The CODDDE project aims at studying critical research issues in the field of real-world complex networks study:

  • How do these networks evolve over time?
  • How does information spread on these networks?
  • How can we detect and predict unexpected changes in their structure?

In order to answer these questions, an essential feature of complex networks will be exploited: the existence of a community structure among nodes of these networks. Complex networks are indeed composed of internally densely connected groups that have few interactions with one another.
The CODDE project will therefore propose new community detection algorithms to reflect complex networks evolution, in particular with regards to diffusion phenomena and anomaly detection. These algorithms and methodology will be applied and validated on a real-world online social network consisting of more than 10 000 blogs and French media collected since 2009 on a daily basis (the dataset comprises all published articles and the links between these articles) correlated with a twitter dataset.

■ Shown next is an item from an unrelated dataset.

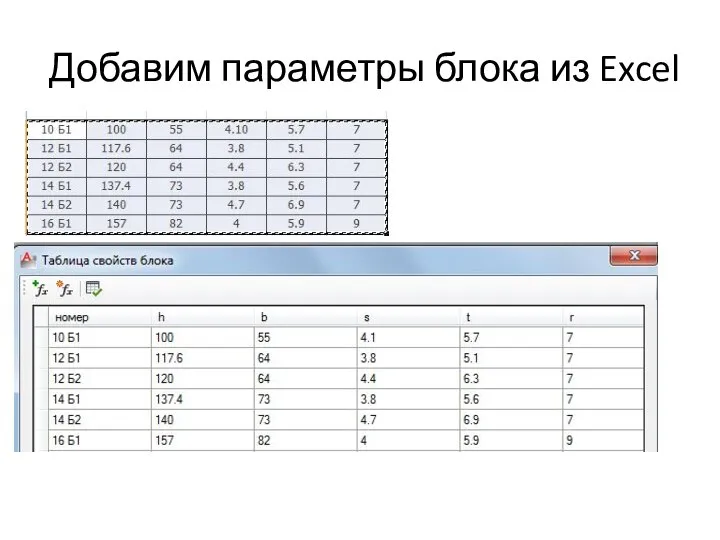 Добавим параметры блока из Excel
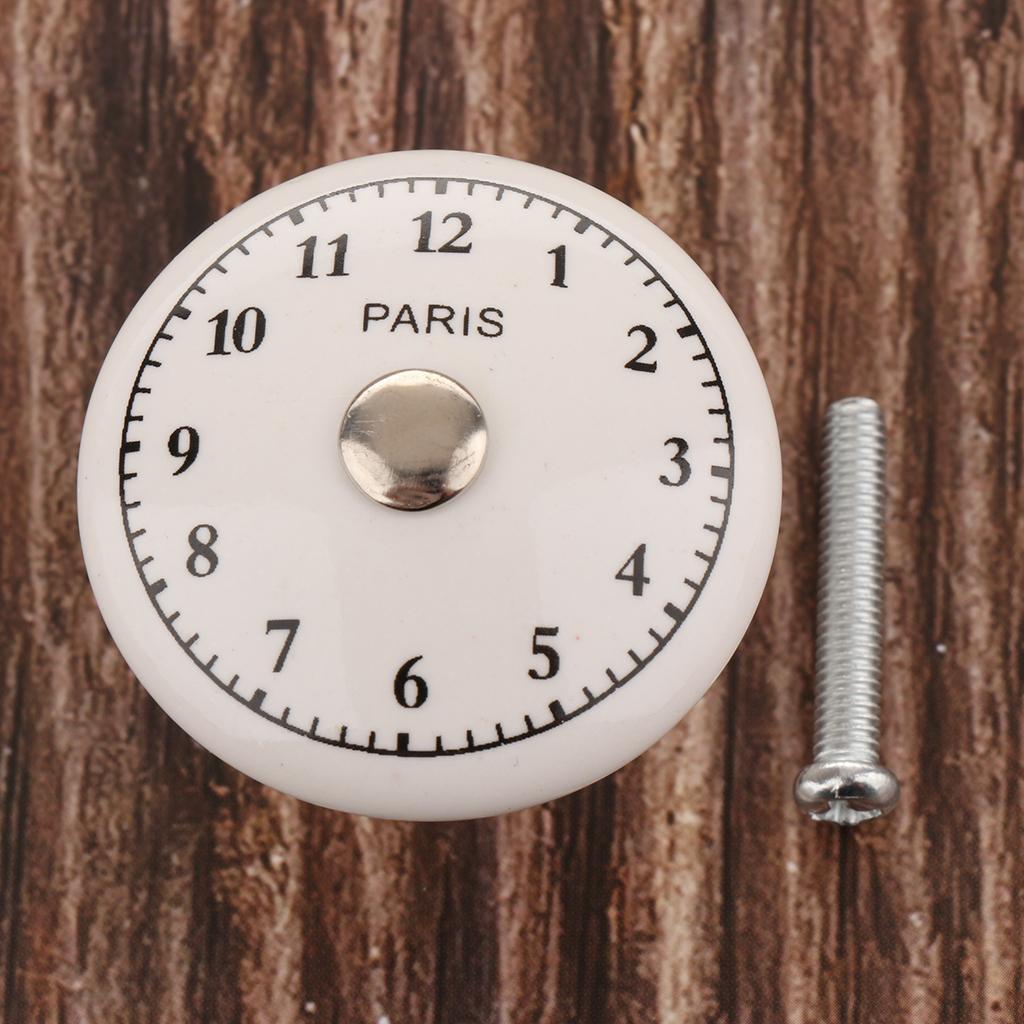 2 Pieces Round Black and White Ceramic Cabinet Knobs for Home Furniture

The consortium of the project comprises two academic partners from large research labs, with a strong experience in complex networks: the Complex Networks team from LIP6-UPMC (Laboratoire d’Informatique de Paris 6 of Université Pierre et Marie Curie), and the LIP-ENS Lyon team (Laboratoire d’Informatique du Parallélisme of the École Normale Supérieure de Lyon), and one industrial partner: the Linkfluence SME, who will be in charge of data collection. Moreover, the expertise of Linkfluence blogs analysts will be used during the results validation phase.